▶ _THE TASK_
Taking only the lines of the data below from the line with "909 NW 4th Avenue, Hallandale" to the line with "A proximité des", ends included, write them out exactly and without pictures.

▶ _RECORDS SHOWN_
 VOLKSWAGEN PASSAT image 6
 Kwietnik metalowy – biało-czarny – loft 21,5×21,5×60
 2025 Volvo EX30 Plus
---
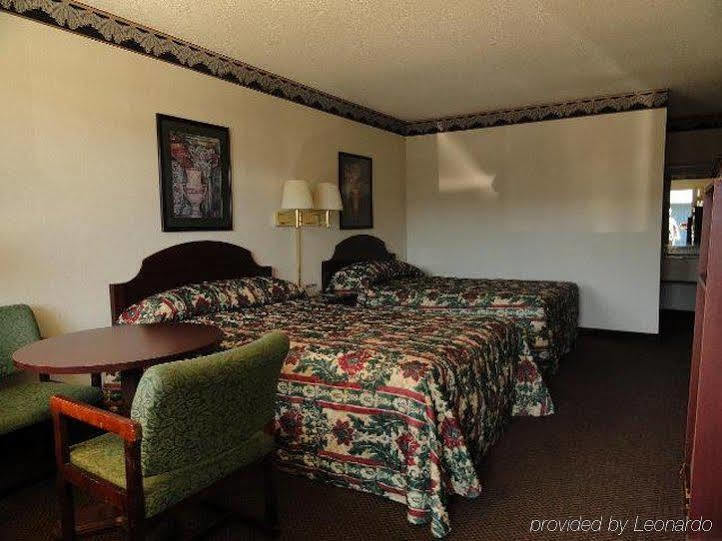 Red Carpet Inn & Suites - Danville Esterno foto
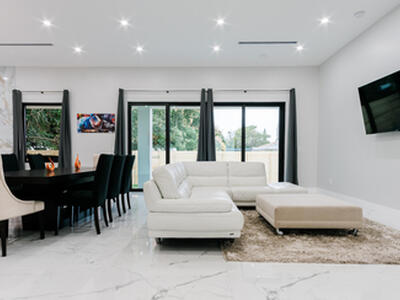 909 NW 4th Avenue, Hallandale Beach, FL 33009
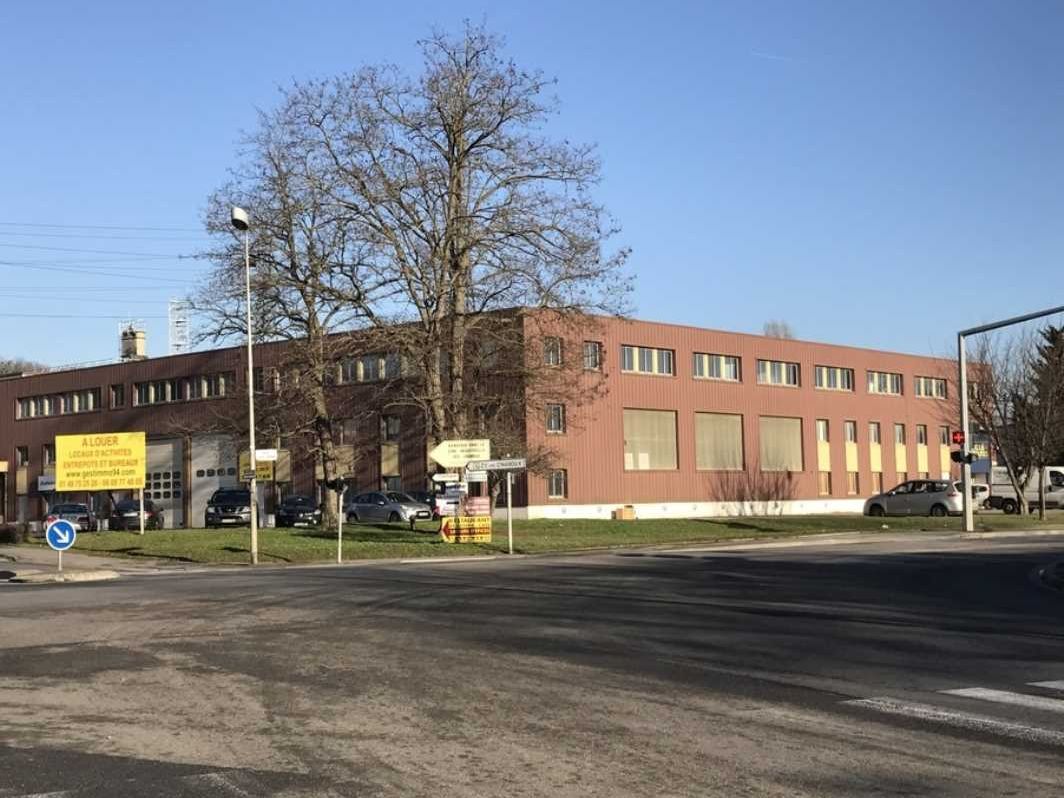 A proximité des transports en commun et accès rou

▶ _TASK OUTPUT_
 909 NW 4th Avenue, Hallandale Beach, FL 33009
 A proximité des transports en commun et accès rou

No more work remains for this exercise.